Restate exactly the lines below, from the one containing "Mungyo Gallery Handmade" through the final line, and leave out the pictures.

### Information shown
■ ■ ■ ■ ■ ■ ■

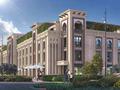 1-комнатная квартира · 45.2 м² · 3/4 этаж, Ал Кожа ата 4 — Шаимерденова за 21 млн ₸ в Туркестане — фото 9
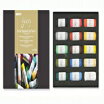 Mungyo Gallery Handmade Soft Pastel Set of 15 - Assorted Colors
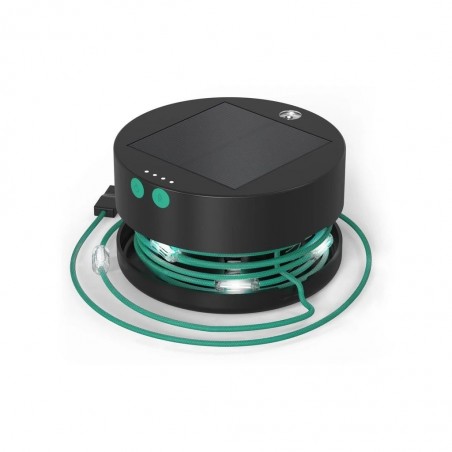 MPOWERD Luci Solar String Lichterkette MPOWERD Luci Solar String Lichterkette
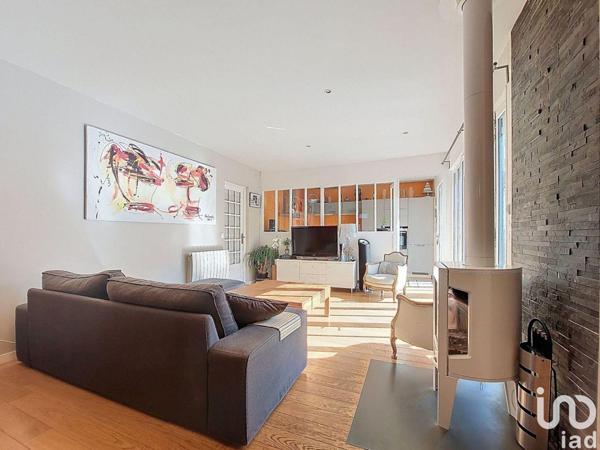 Maison à vendre 4 pièces 100 m² Villenave-d'Ornon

■ ■ ■ ■ ■ ■ ■

### Your response
 Mungyo Gallery Handmade Soft Pastel Set of 15 - Assorted Colors
 MPOWERD Luci Solar String Lichterkette MPOWERD Luci Solar String Lichterkette
 Maison à vendre 4 pièces 100 m² Villenave-d'Ornon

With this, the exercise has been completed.